When your financial situation changes, one of the first things you might worry about is your home. Mortgage payments might account for a significant percentage of your outgoing costs, which means it may no longer be feasible to pay the total amount each month. 

This can result in late payments or non-payment and, eventually, the threat of foreclosure looming over your head. This can be a scary thought, particularly as you may not be aware of your options or whether it’s even possible to avoid foreclosure. Fortunately, it might be if you choose to do one of the following things:

Sell Your House

For many people, selling a house before the bank claims it is one of the best options for them. You can liquidate your asset, pay back your lender, and start again.

However, as it can traditionally take a number of weeks to sell your home on the public market, you may like to consider a faster, easier, and more stress-free option like selling to a professional buyer.

They can generally provide an offer in 24 hours, with money in your bank account in as little as a week. This can be a much more practical option than going through foreclosure.

Look at Reinstatement

Reinstatement means that you can talk to your bank about keeping your home by paying what you owe in a lump-sum payment. This option may also include penalty charges and interest and generally has a due date.

This option may suit someone who can free up funds by selling other assets or receiving financial help from friends and family.

Ask Your Lender About Short Refinancing

Many lenders offer their borrowers the option of short refinancing when they’ve defaulted on their mortgage repayments. This involves them forgiving a part of your debt and refinancing the rest of it on a new loan.

Typically, short refinancing is more cost-effective for a lender than going through the foreclosure process, even though both methods cost them money.

Request a Mortgage Modification

Some people find themselves in temporary financial strife, such as if they’re waiting to begin a new job or have encountered an unexpected and urgent bill. If you can prove to your lender that your financial problems are temporary, they may approve a request for a loan modification.
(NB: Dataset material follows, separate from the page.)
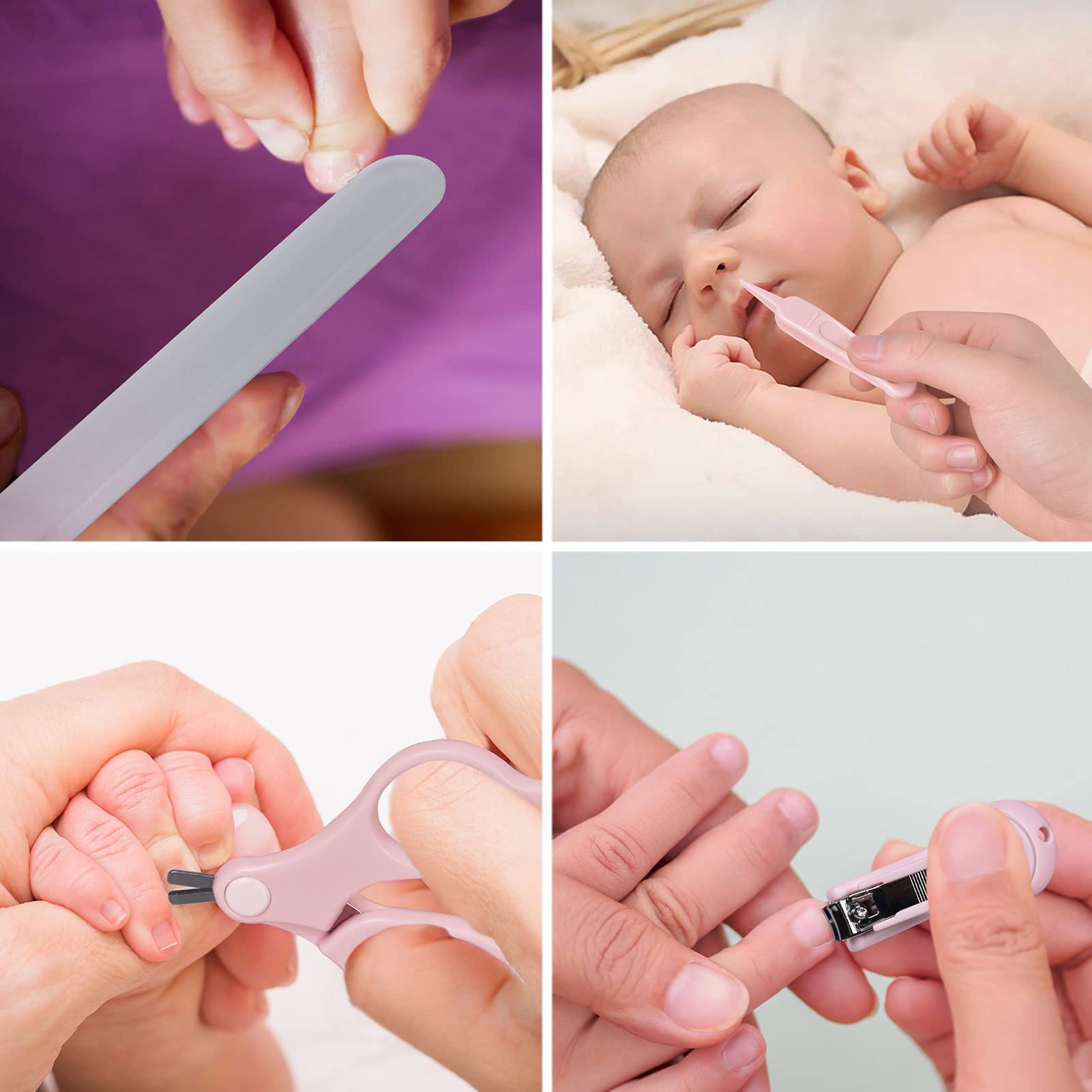 Baby Nail Care Kit with Owl Case - Clipper, Scissor & File for Newborns | Mother's Day Gift (Pink)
A loan modification allows you to refinance or extend your loan to make your monthly repayments more manageable. You may then decide to adjust your repayments once you’re in a more financially sound position.

Discuss a Deed in Lieu of Foreclosure

If you aren’t able to sell your house quickly and believe you have exhausted all other options, you may like to discuss a deed in lieu of foreclosure with your lender. The lender takes your property and releases you of all mortgage obligations.

Unlike foreclosure, where you may still be left owing money to your lender, this option allows you to be relieved of all loan burdens.

If your financial position has changed and you’re worried about your ability to service a mortgage, you may be relieved to know you have choices. Look at your sales options and talk to your lender about how they might be able to help.